Ответ пришел много позже, месяца через три, когда Апостол, расставшись с Истрой, уже вернулся обратно к себе в родной город. "Человек, который это делает, считает меня лучшим поэтом России! — писал Апостол. — Но отношения в Москве у нас с ним не сложились. Хотя мне кажется, что и в этой ситуации он сдержит своё слово и купит нам <…> жильё".
"Но ведь за всё в этой жизни приходится платить! — отбросив всяческую дипломатию, отстучал я на клавиатуре. — Чем думаешь платить ты? Игрой в оппозицию, в которой ты, извини, разбираешься гораздо меньше, чем в поэтических тропах?"

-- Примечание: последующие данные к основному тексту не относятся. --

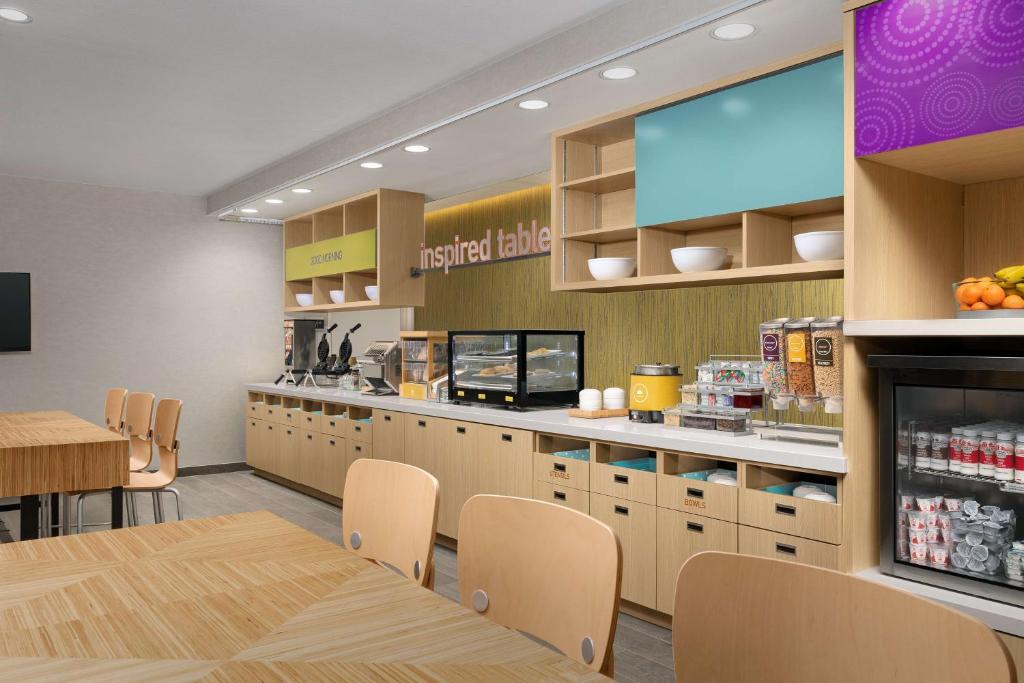 Kuchyň nebo kuchyňský kout v ubytování Home2 Suites By Hilton Abilene Southwest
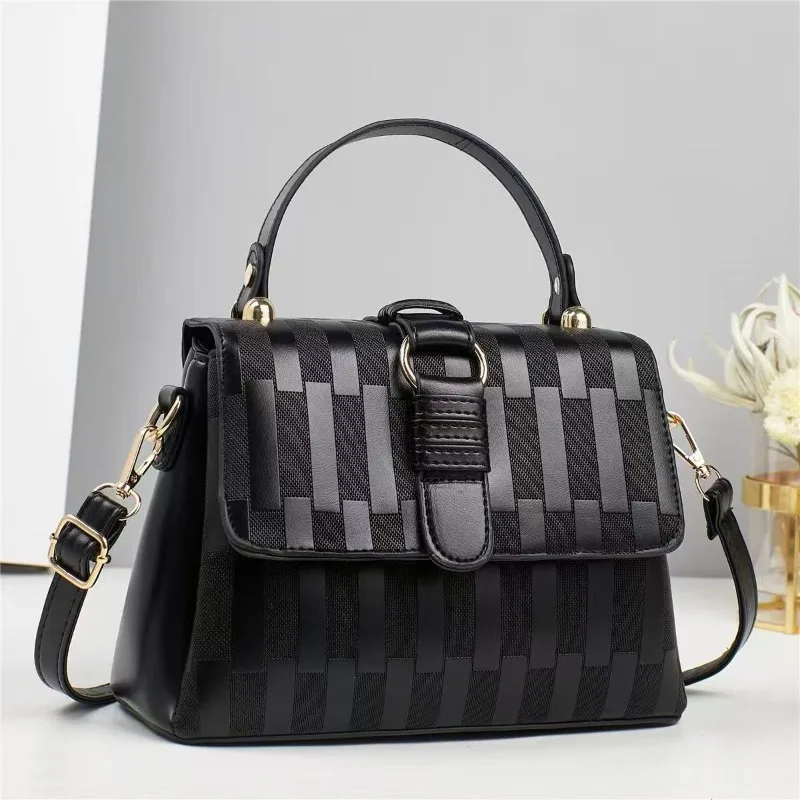Women Solid Color Shoulder Bags High Quality Soft Leather Purses and Handbags Luxury Designer Messenger Crossbody Bag Casual Sac
Women Solid Color Shoulder Bags High Quality Soft Leather Purses and Handbags Luxury Designer Messenger Crossbody Bag Casual Sac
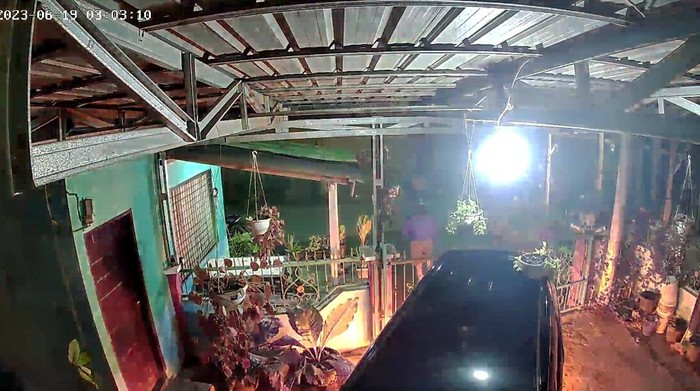 Mobil warga Deli Serdang diserang OTK. (Foto: Istimewa)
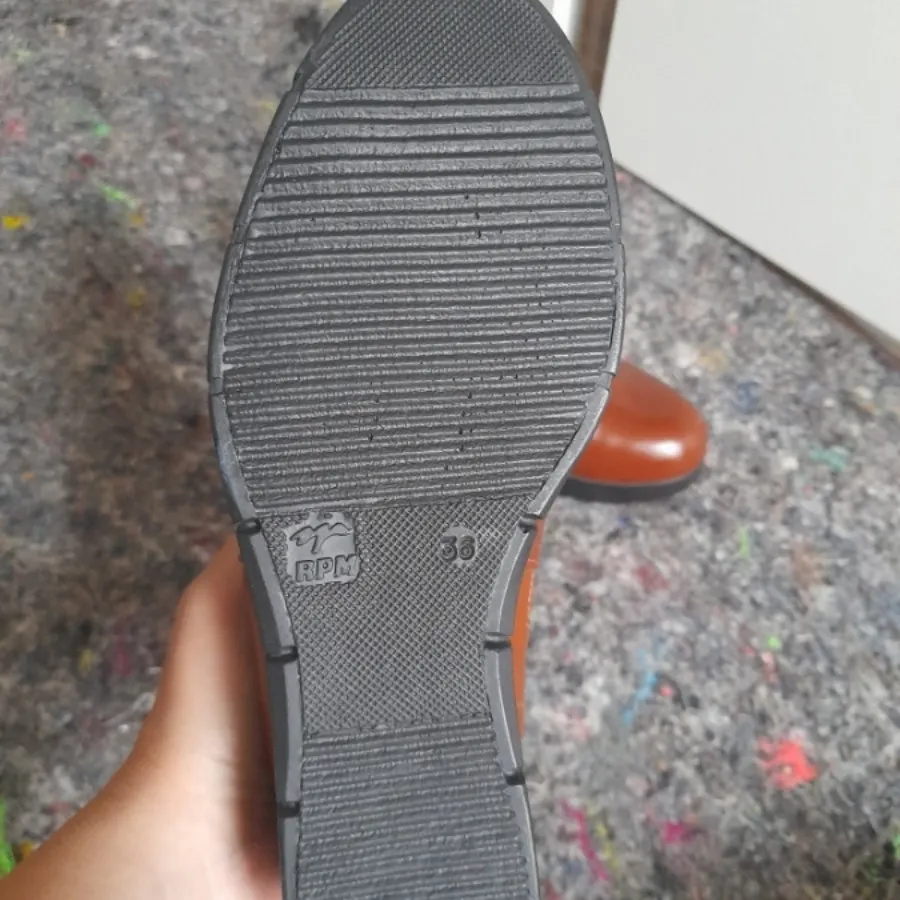 نیم بوت چرم زنانه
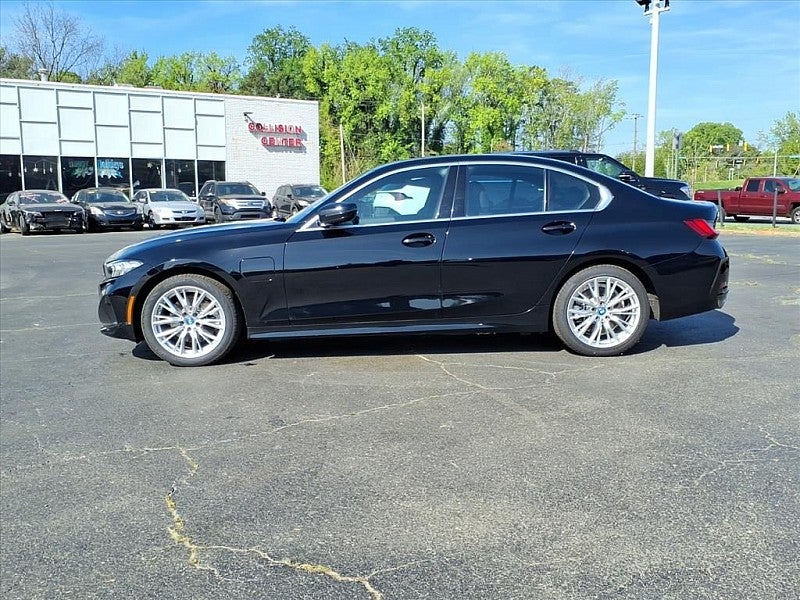 2024 BMW 3 Series 330e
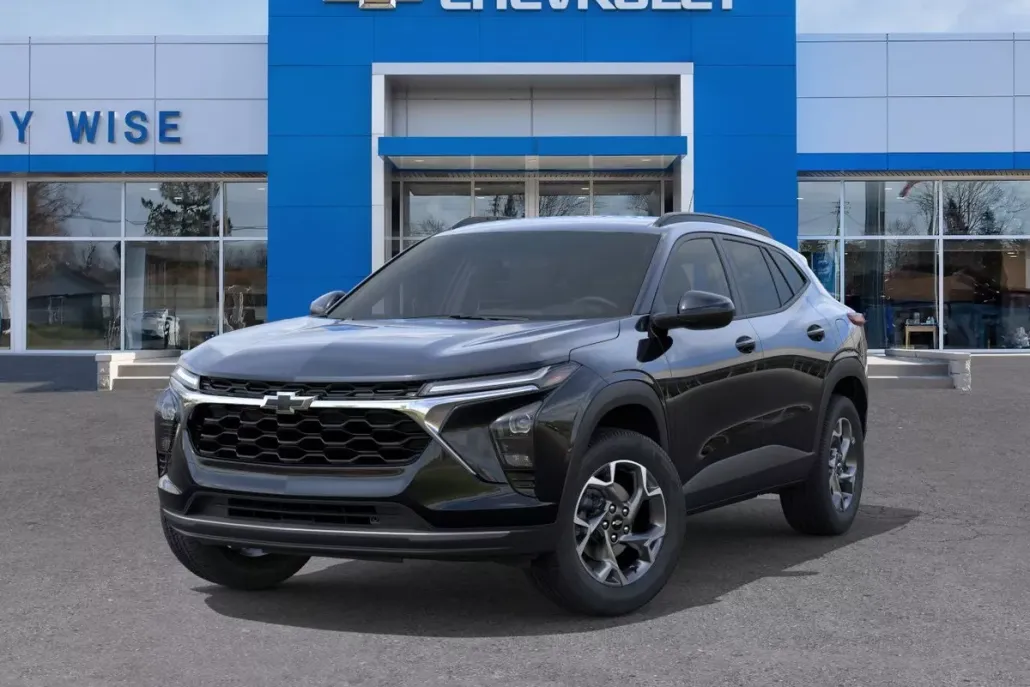 2025 Chevrolet Trax LT photo 1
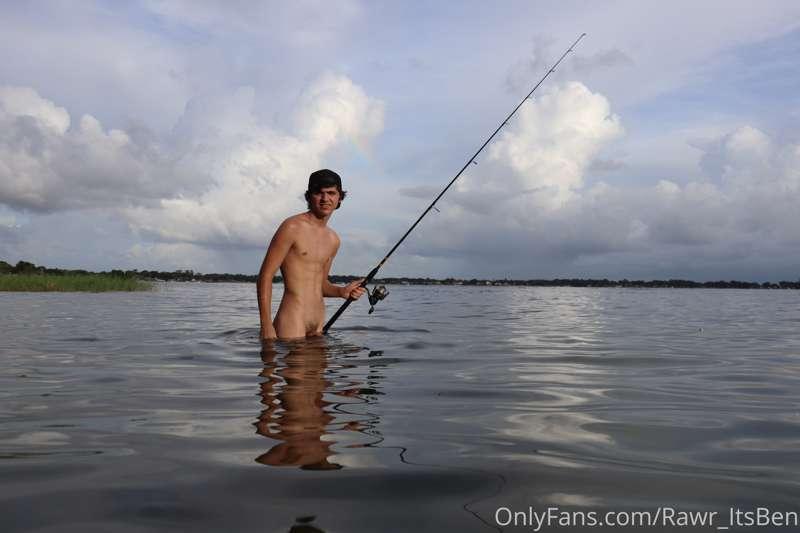 Hey bro’s, check out my pole 😜 after a long hot day on the b..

Письмо ушло и вернулось обратно с плохо скрываемым раздражением: "Прочитал всю эту чушь, ваше величество, и понял только одно: пора прощаться. Вся твоя правда, мудрость и т. п. ничего кроме скуки во мне не вызывают…" И выдал мне напоследок такое несправедливо-озлобленное, что я не выдержал и сорвался: "Когда-нибудь ты поймешь, что безнадежно болен, Апостол! Но меня рядом уже не будет…" (4)

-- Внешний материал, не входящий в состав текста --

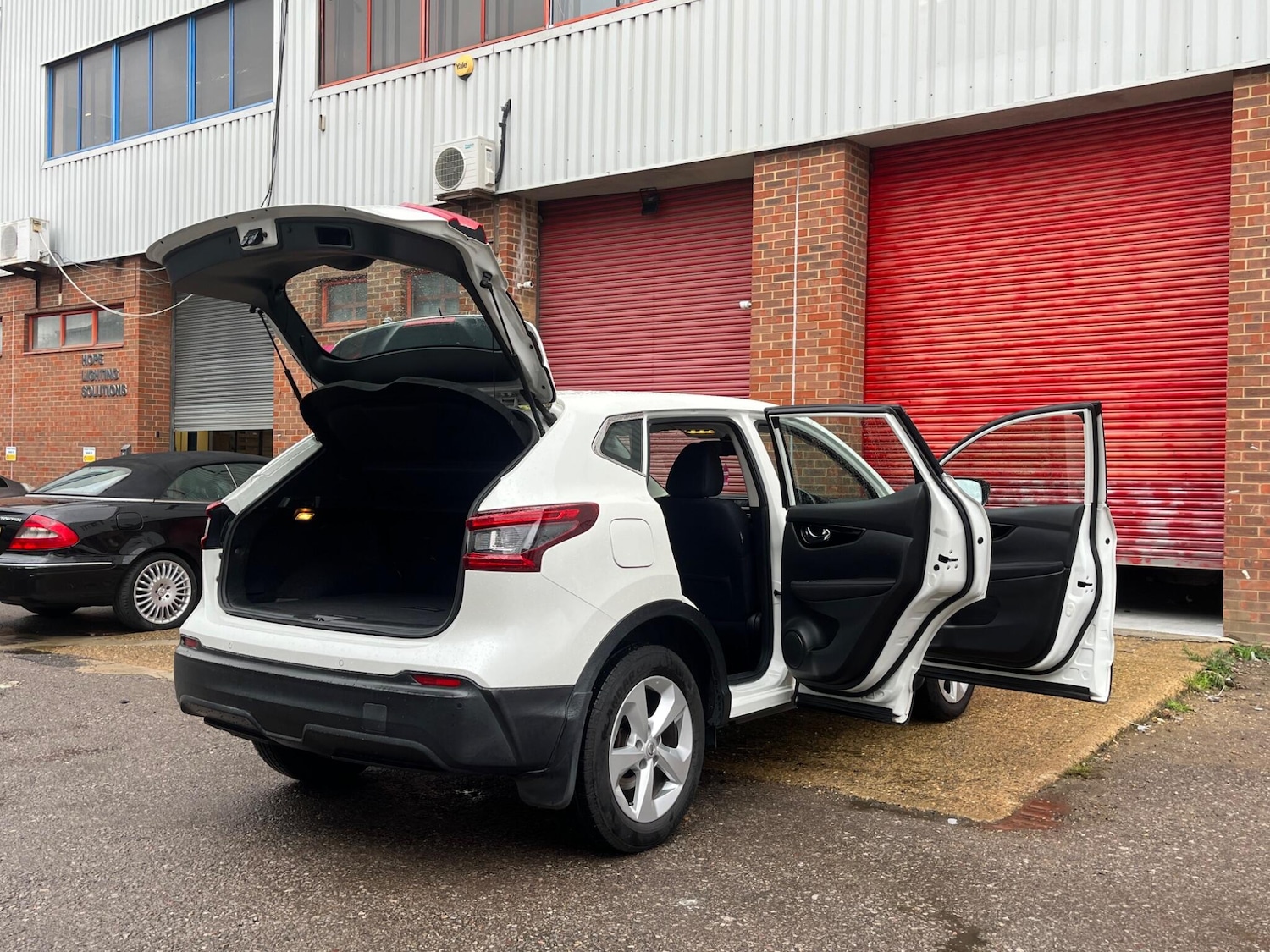 Used Nissan Qashqai 2017 for sale - 76433257: Photo 26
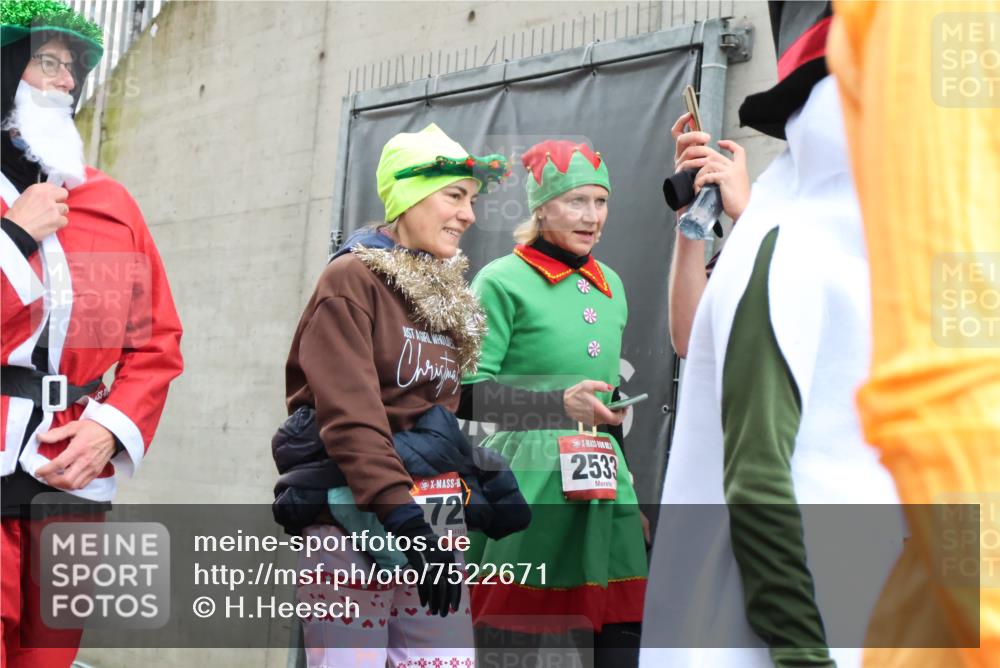 08.12.2024 - St. Pauli X-Mass-Run No. 14 H.Heesch http://msf.ph/oto/7522671 08.12.2024 10:40:40 Ziel 105, 200, 263, 321, 375, 493, 743, 1292, 1303, 1495, 2609, 2610, 304, 334, 482, 538, 728, 736, 967, 1292, 1303, 1308, 1494, 1495, 1764, 1766, 2533 meine-sportfotos.de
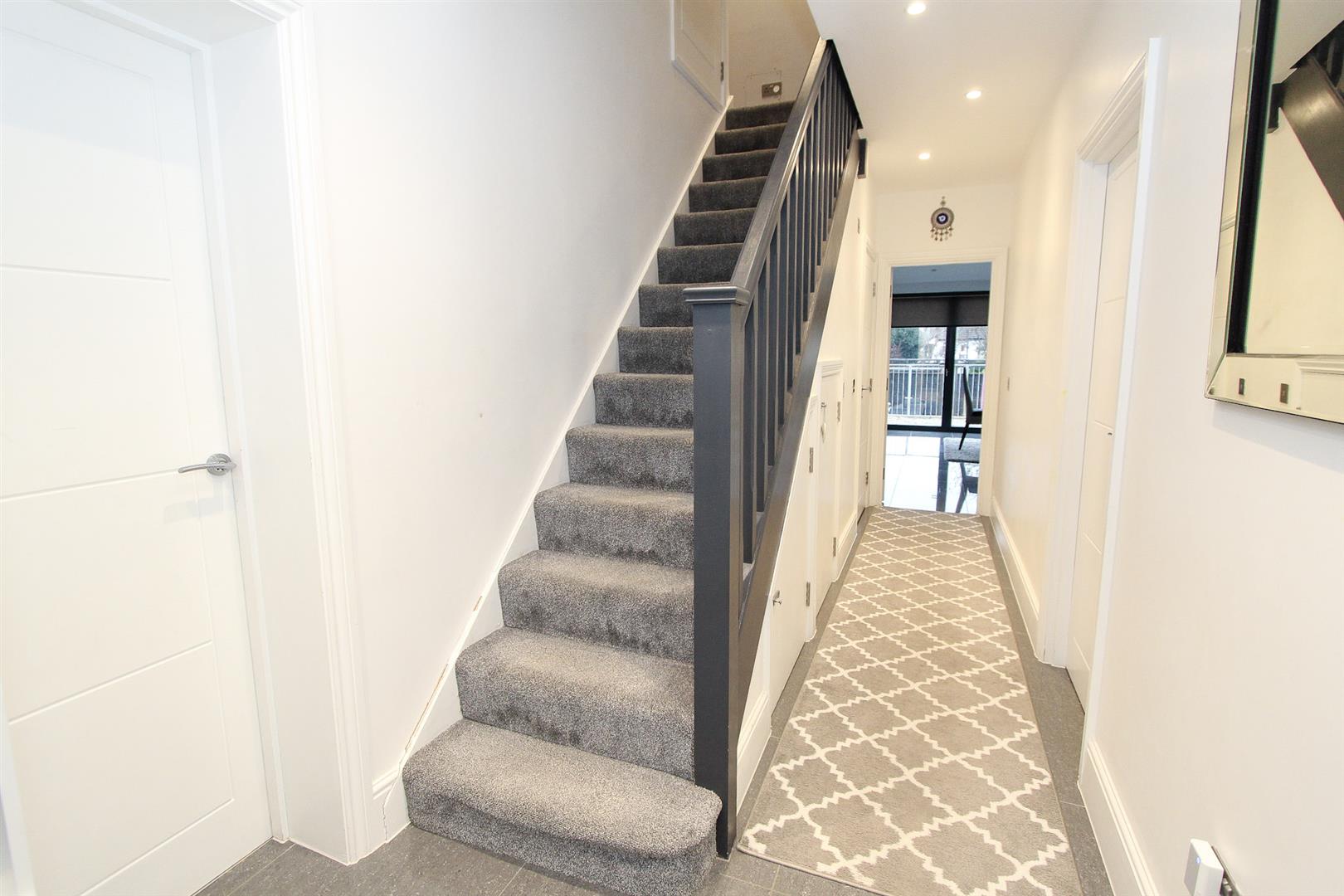 5 bed property in Demesne Road, Wallington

Прошёл месяц, другой, третий. Камни были разбросаны, но время собирать их так и не наступало. Апостол жил на съемной квартире и готовил к печати очередной сборник. Мелькали на литературных сайтах новые стихи, размазывали по экрану строчки: "Меня менты мололи и месили // С безумием расстрелянных отцов". То пытались привлечь внимание страшилками: "Перестань из сердца кровяного // Головой отрубленной крутить", а то и откровенно хлюпали в рифму:
Я никто. Я больной и усталый, Меня бросила Родина-мать…Вот как такому страдальцу рубль в шапку не кинуть?..

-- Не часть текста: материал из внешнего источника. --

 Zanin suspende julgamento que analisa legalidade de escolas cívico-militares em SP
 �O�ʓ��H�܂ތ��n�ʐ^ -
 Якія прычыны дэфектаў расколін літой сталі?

Наверное, я предвзято отношусь к поэтам, дожившим до седых волос. Не иначе как сказывается дурное воспитание прозаика и журналиста. Но скорее, причина в другом, — в пришедшем с возрастом понимании того, что стихи, по большому счету, всего лишь обычная человеческая слабость, прихотливо облеченная в ритмы, рифмы и образы. Поэты, при всех их драчливых характерах и дуэльных амбициях, — люди с патологически уязвимой душой. Иначе откуда в мировой поэзии столько плохо скрываемой тоски и явных обид? Столько тихих вздохов и громких стонов? Столько эффектного отчаянья, талантливого сожаления и красивого раскаяния? Словом, столько элементарной слабости, талантливо выставленной напоказ?